> **Try it**:
With pictures omitted, copy exactly every line from the one that contains "Building Photo - 723 Lorhan Dr" to the end of the listing below.

> **Recorded information**:
== Segment start ==
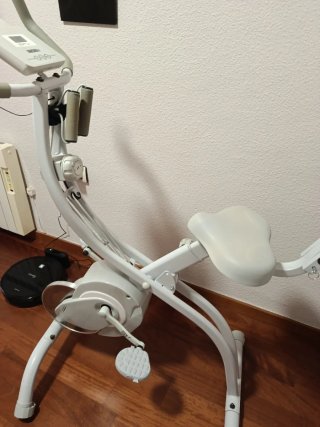 Bicicleta estática plegable con tensores nueva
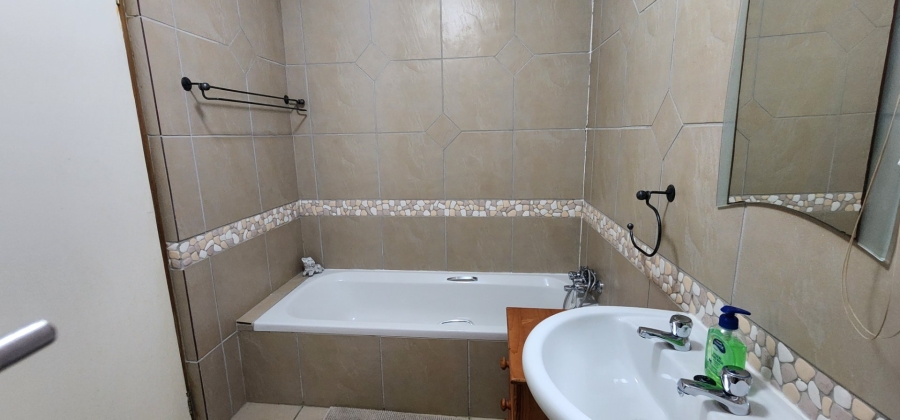 2 Bedroom Property for Sale in Hibberdene KwaZulu-Natal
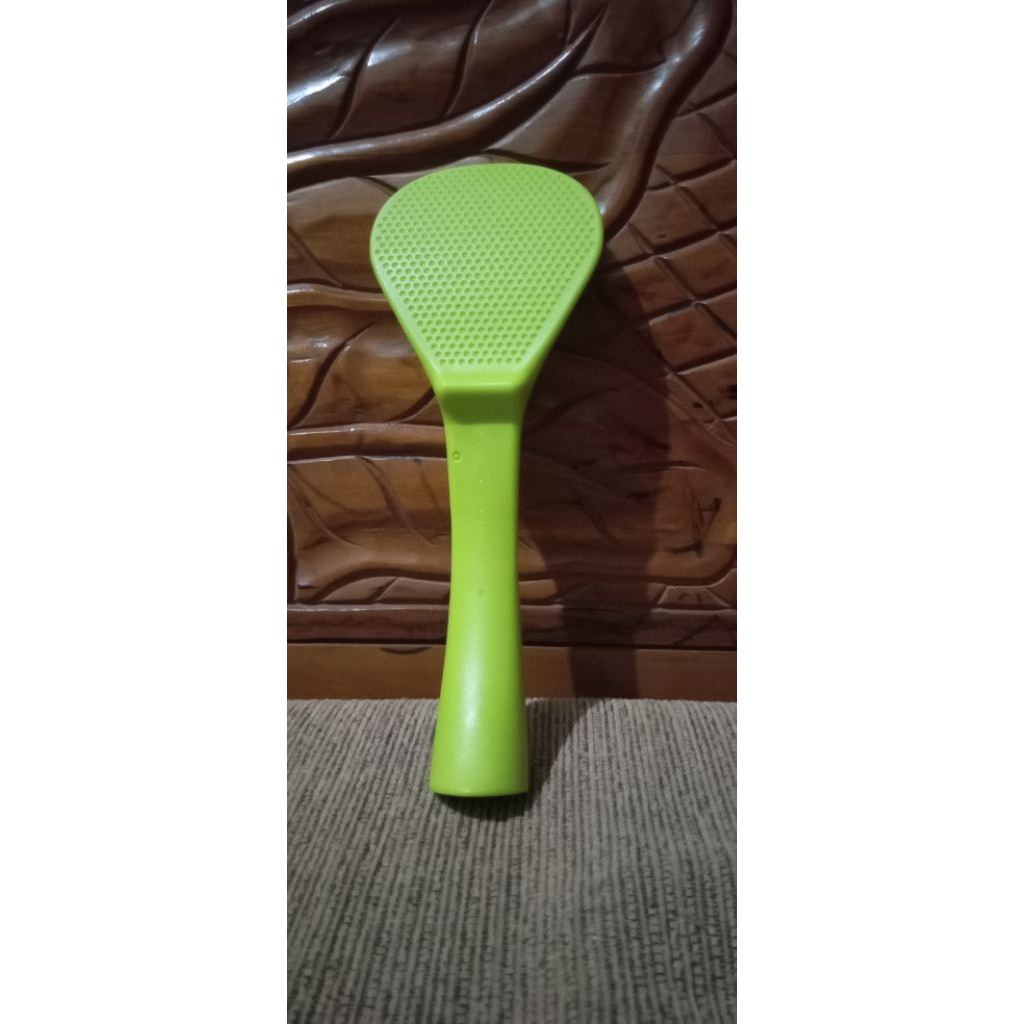 centong nasi Tupperware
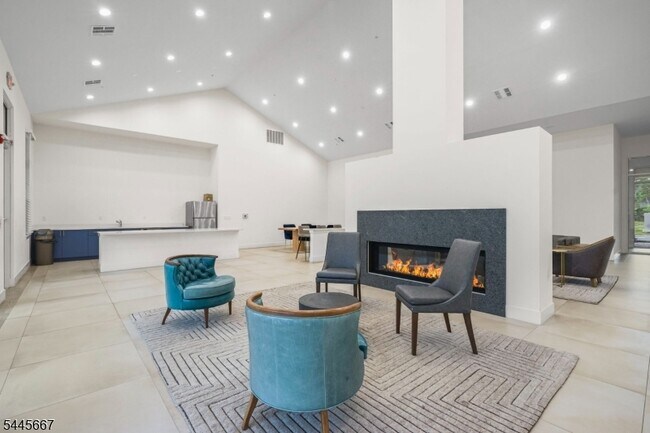 Building Photo - 723 Lorhan Dr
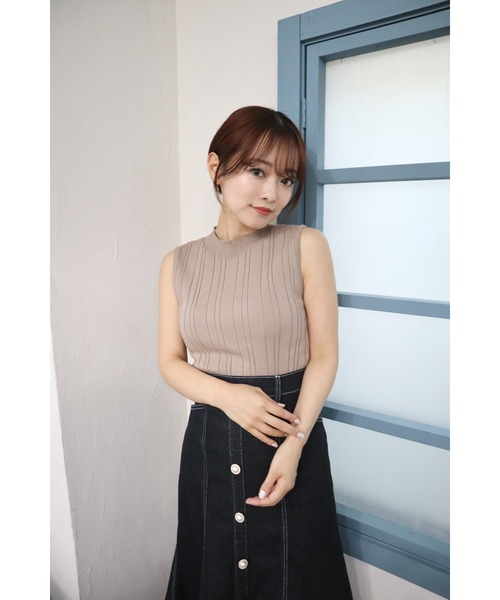 CECIL McBEE（セシルマクビー）の「接触冷感ウォッシャブル　ランダムリブノースリプルオーバー（タンクトップ・レディース・ブラック/オフホワイト/ブルー/ピンク/グリーン/ベージュ/モカ/ネイビー・MEDIUM）」の3枚目の写真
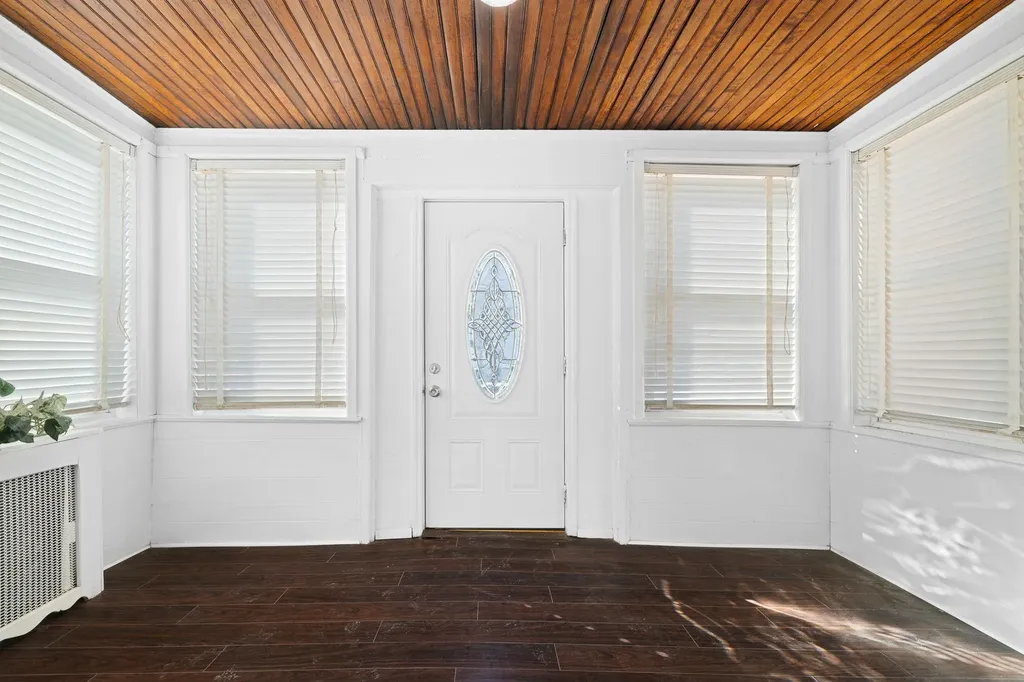 1562 Hering Avenue Bronx NY 10461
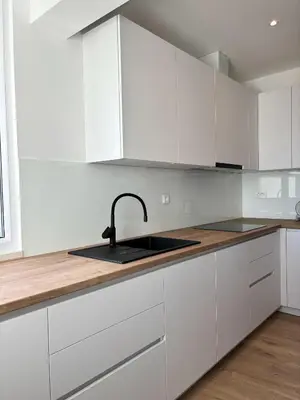 Kuhinja ili čajna kuhinja u objektu Apartment Inula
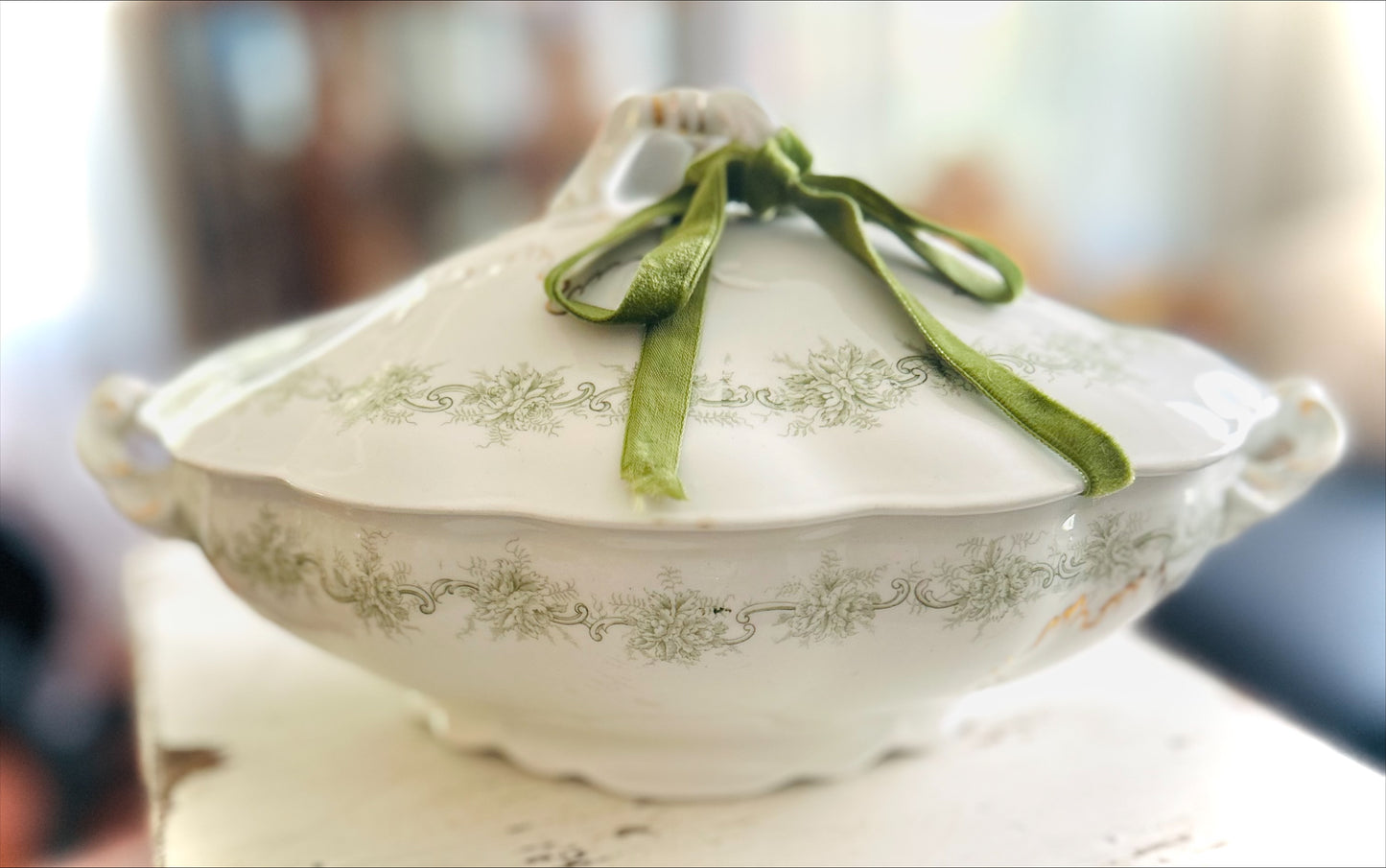 J&G Meakin Europa Semi-Porcelain Soup Tureen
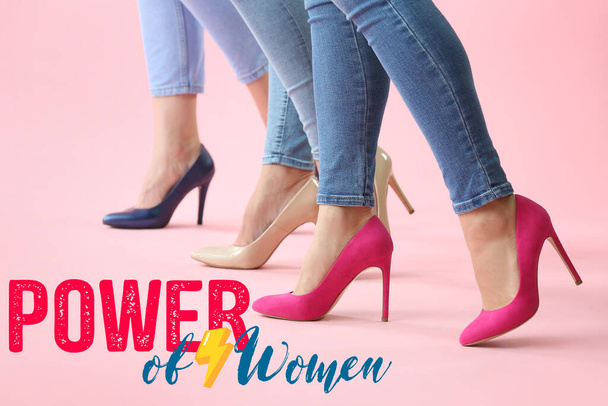 Samičí nohy na vysokých podpatcích a text POWER OF WOMEN na barevném pozadí. Mezinárodní oslava Dne žen - Fotografie, Obrázek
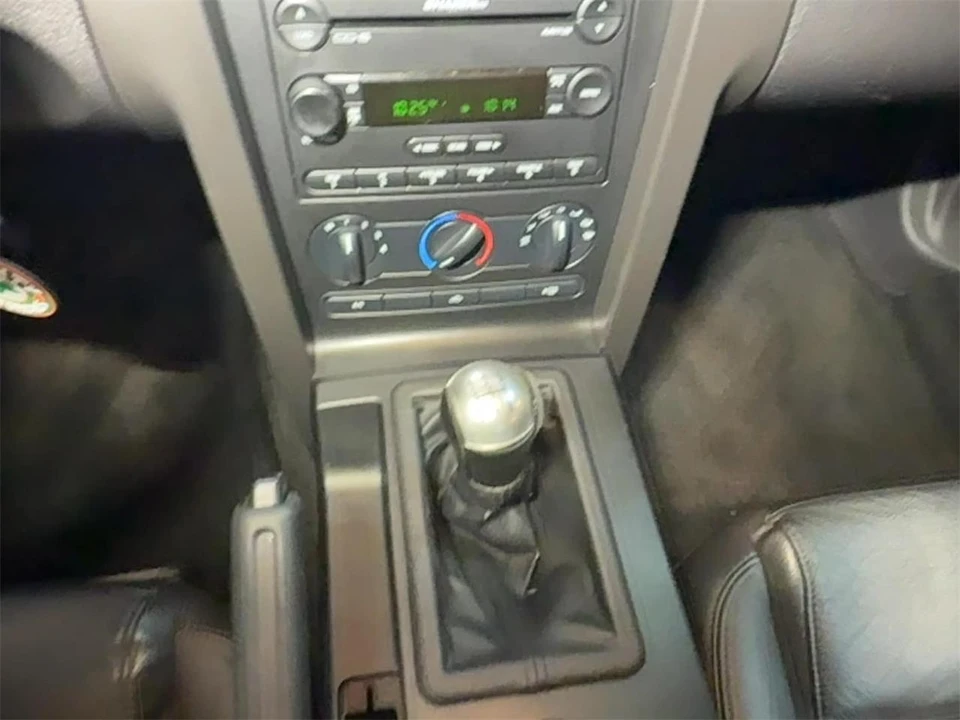 2005 Ford S197 Mustang - Image 14 of 31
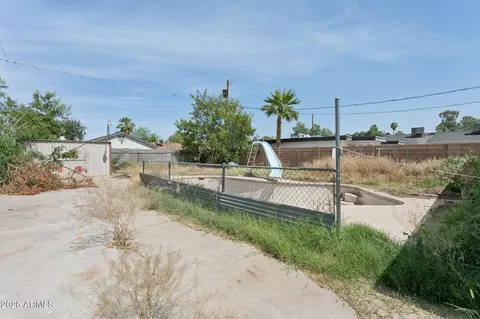 Exterior - 2930 E Granada Rd, Phoenix, AZ 85008 photo 3 of 5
== Segment end ==
> **Completed exercise**:
 Building Photo - 723 Lorhan Dr
 CECIL McBEE（セシルマクビー）の「接触冷感ウォッシャブル　ランダムリブノースリプルオーバー（タンクトップ・レディース・ブラック/オフホワイト/ブルー/ピンク/グリーン/ベージュ/モカ/ネイビー・MEDIUM）」の3枚目の写真
 1562 Hering Avenue Bronx NY 10461
 Kuhinja ili čajna kuhinja u objektu Apartment Inula
 J&G Meakin Europa Semi-Porcelain Soup Tureen
 Samičí nohy na vysokých podpatcích a text POWER OF WOMEN na barevném pozadí. Mezinárodní oslava Dne žen - Fotografie, Obrázek
 2005 Ford S197 Mustang - Image 14 of 31
 Exterior - 2930 E Granada Rd, Phoenix, AZ 85008 photo 3 of 5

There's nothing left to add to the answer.